Compare Musk’s efforts to his fellow titans of industry. Facebook’s Mark Zuckerberg recently donated $25 million to help fight the spread of Ebola. In the years since he left Microsoft, Bill Gates has poured billions of dollars into a range of humanitarian causes, including anti-malaria efforts. The established model for philanthropy by tech executives is to make an astonishing amount of money building products that address trifling first-world concerns — say, the technology to broadcast digital baby pictures to uninterested strangers, or to squabble with distant friends over political hot potatoes — and then donate some impressive amount of cash and extracurricular time to the developing world, and its less frivolous problems.
Those billionaires’ contributions are valuable, but Musk is cut from a different cloth. If he’s to be believed — a non-trivial caveat, by the way — then Elon Musk has forged an entirely philanthropic life. All of his professional activities following his departure from PayPal and other online ventures have our entire species at heart. The electric vehicles produced by Tesla Motors, and even the proposed 700-mph Hyperloop system, are a response to the planetary threat of climate collapse, most luridly depicted in The Day After Tomorrow. SpaceX was founded to build the equivalent of fallout shelters on Mars, in case sci-fi narratives like Deep Impact prove prescient. And the undisclosed amount of money he’s contributed to the AI companies Deepmind (which was acquired by Google at the beginning of this year) and Vicarious lets Musk keep tabs on the infamous, genocidal Terminator doomsday scenario.
We should be genuinely grateful that Elon Musk exists.
Why do I conceive of Musk as a sci-fi-obsessed alpha nerd? Because Musk himself doesn’t shy away from sci-fi references, from the risks of Terminator killbots to SpaceX’s role in sustaining the human race, inspired by Isaac Asimov’s Foundation trilogy. He even referenced Star Trek-style teleportation, in describing the Hyperloop as the next best thing in ultra-fast public transportation.
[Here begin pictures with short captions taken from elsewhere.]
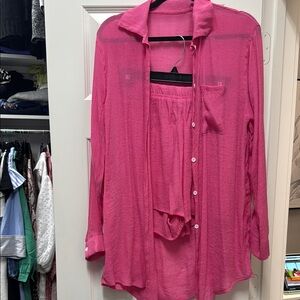 Pink Sheer Women's set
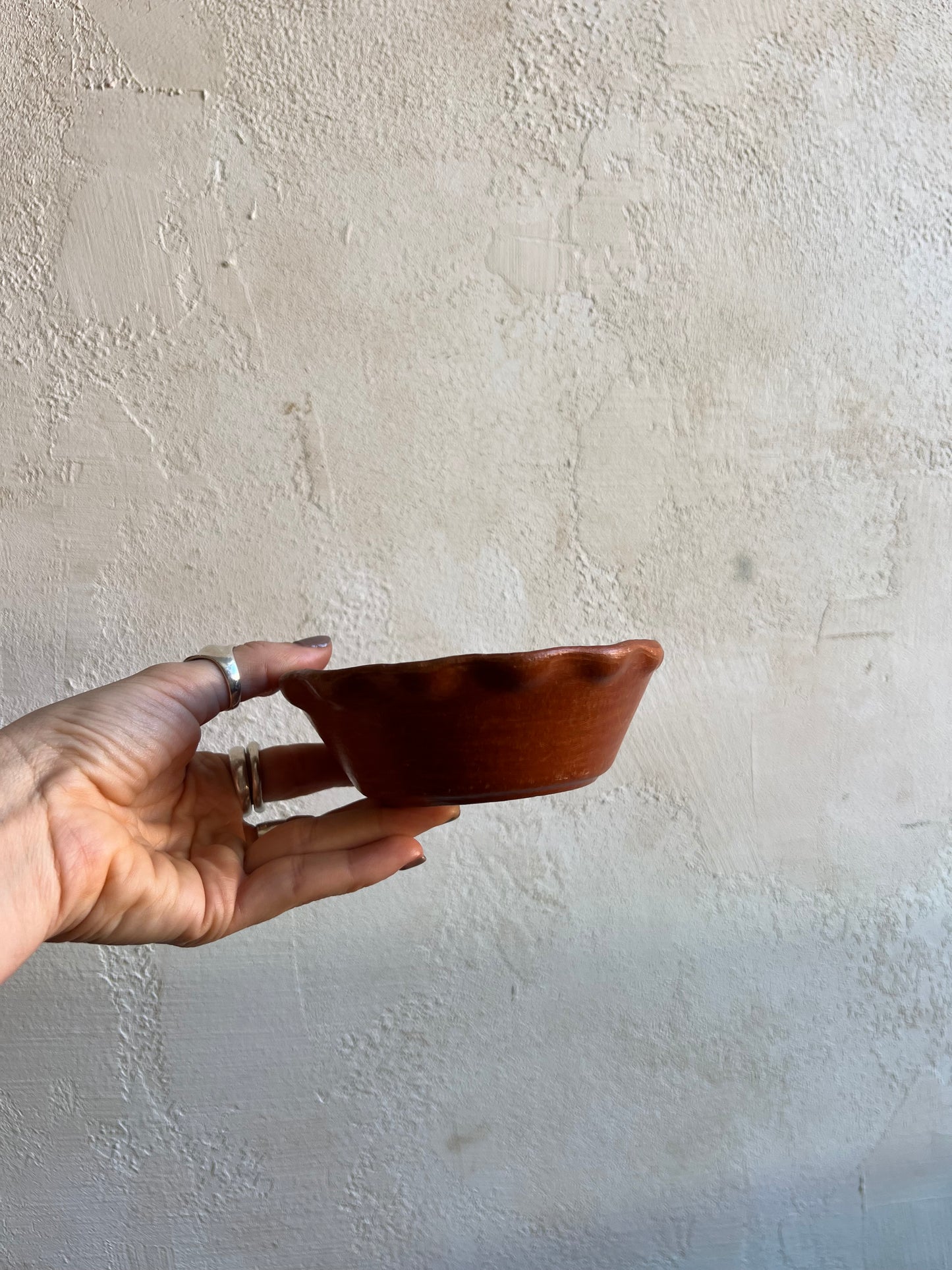 Oaxacan Red Clay Scalloped Small Bowl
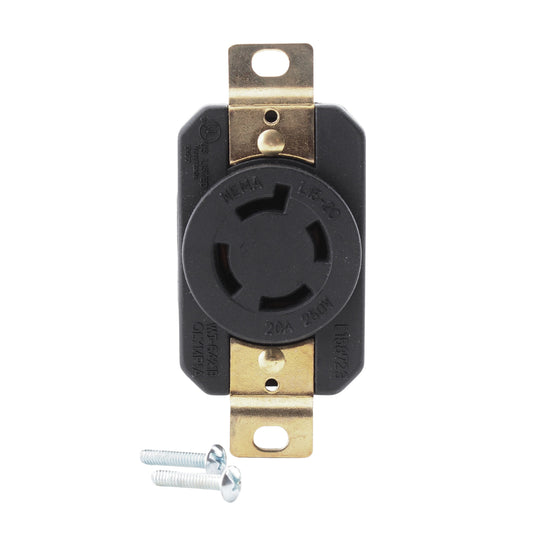 Morris 89743 Twist Turn Locking Receptacle Outlet L15-20R 20A 250V 3�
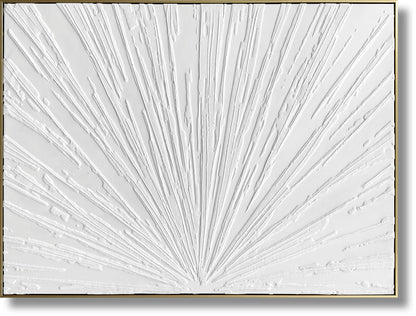 ''Luminous Burst Textured Canvas'' Hand-painted Canvas in Frame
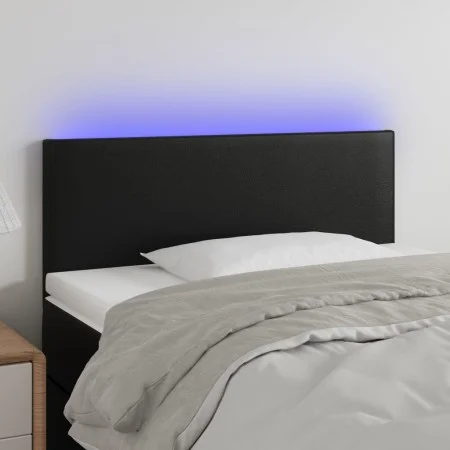 Kopfteil mit LED aus schwarzem Kunstleder 100x5x78/88 cm von vidaXL, Kopf- und Fußteile - Ref: Foro24-3121416, Preis: 40,28 €...
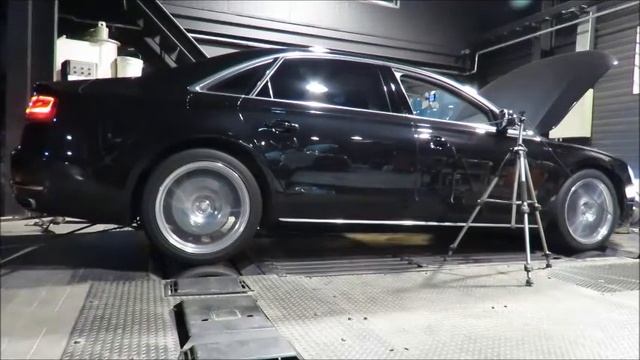 AUDI A8L W12 6.3FSI Quattro Dyno Test Mar's Tune 478hp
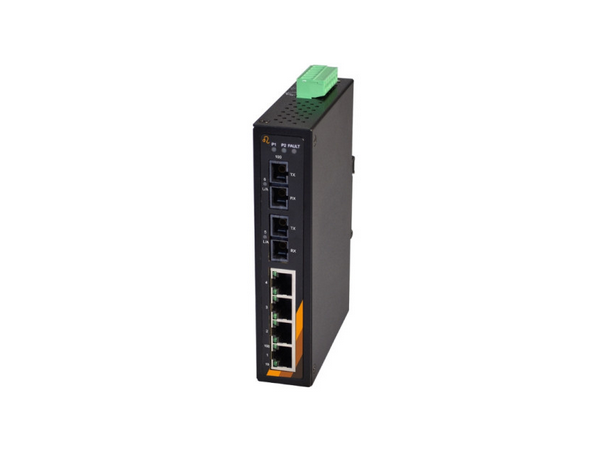 Exsys EX-6203 Industrial Switch 6-Port 4x100Mbit, 2 x SC/ST Connector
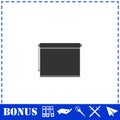 Projector roller screen icon flat Royalty Free Stock Photo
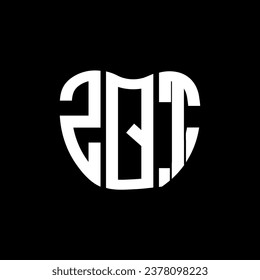 Diseño creativo del logo de la carta ZQT. Diseño único de ZQT.
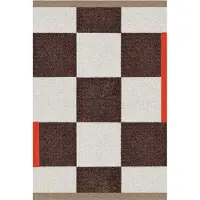 Mette Ditmer Square All-Round Mat - Brown - 55X 80CM
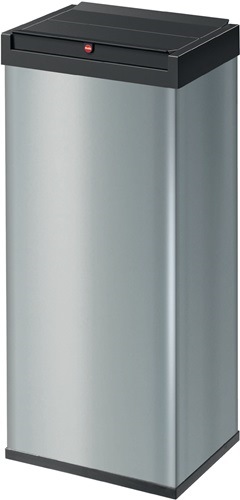 HAILO 0860-221 Abfallbehälter  H763xB339xT260mm 52 l silber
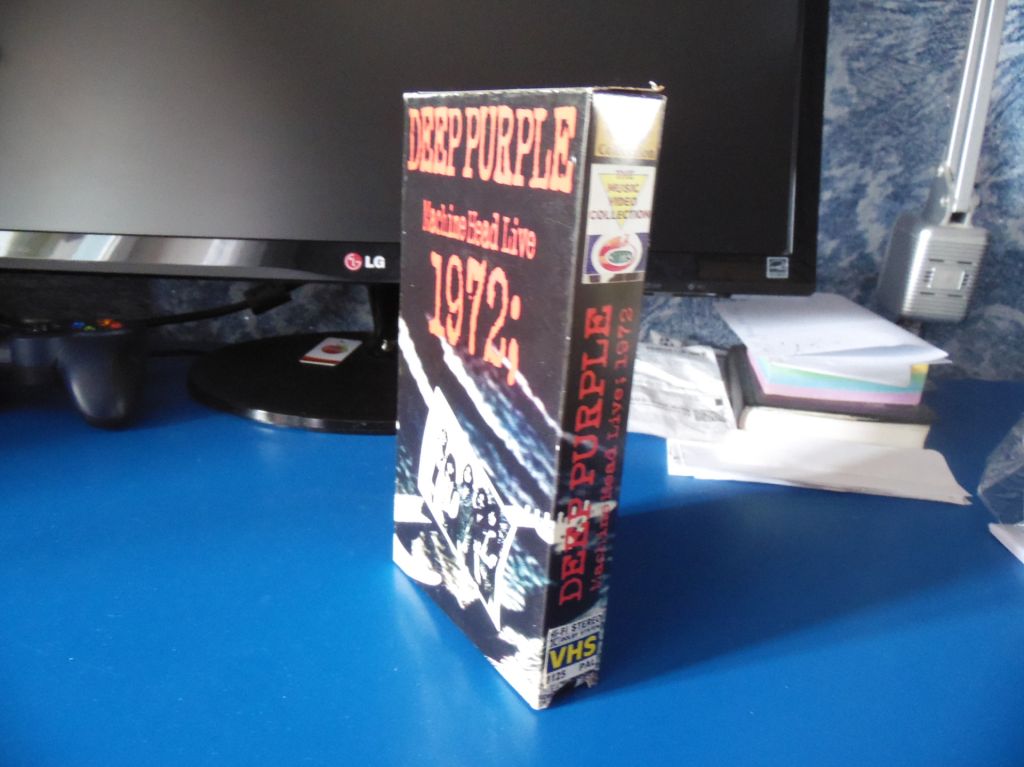 Видеокассета VHS Deep Purple "Machine Head Live" 1972 - фото фото фото 2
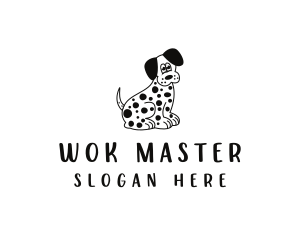 Dalmatian Dog Pet logo design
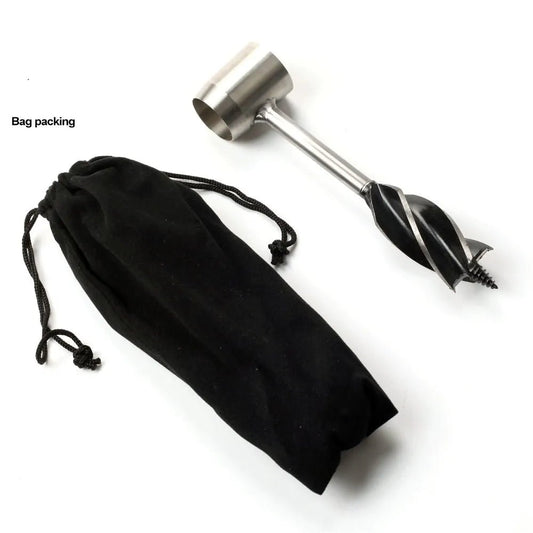 Auger Wrench Outdoor Survival Hand Drill - ZATShop black cloth bag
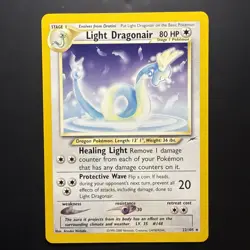 [Mint] Pokemon TCG Light Dragonair Neo Destiny 22/105 Non-Holo Rare Card - Image 1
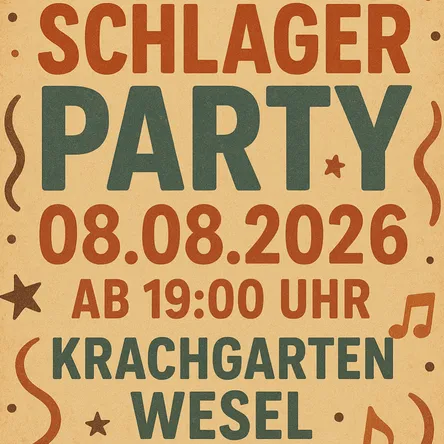 Titelbild zur Veranstaltung Alles Schlager - Party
But it also helps us to understand the value of Musk, and why we should be genuinely grateful that he exists. You can write off his personal beliefs as sci-fi-informed paranoia, and still respect his commitment to innovation. If Martian colonies turn out to be a pipe dream, due to the difficulty of altering the planet’s climate or surviving its current state as a lifeless, irradiated wasteland, at least SpaceX revolutionized the private space industry. If Tesla Motors is long gone by the time electric cars supplant gas-burning vehicles, the company’s open patents, which any automaker can now make use of, will have left an indelible impact. And if Musk’s robo-phobia turns out to be an embarrassment, part of the collective fever dream that assumes the inevitability of artificial superintelligence, despite all evidence to the contrary, at least he’ll have helped to fund AI research. (Musk’s people politely declined my interview request to discuss his comments about the coming robot uprising.)
Sure, Musk is an unrepentant dork. He’s a professional doomsday prepper. He’s also, by the heightened logic of cape comics, the precise breed of big-thinking, fear-ridden, well-meaning zealot destined to become a supervillain. But he’s the rare public figure who always lives up to his reputation, and who continues to defy the odds, to exceed expectations, and to invite a wealth of other such cliches that would be excruciating if they weren’t so apt. However you view Musk, you can’t dismiss him.
And since life isn’t a comic book, chances are, Musk won’t ever hold the human species hostage. He’s far too busy trying to save it.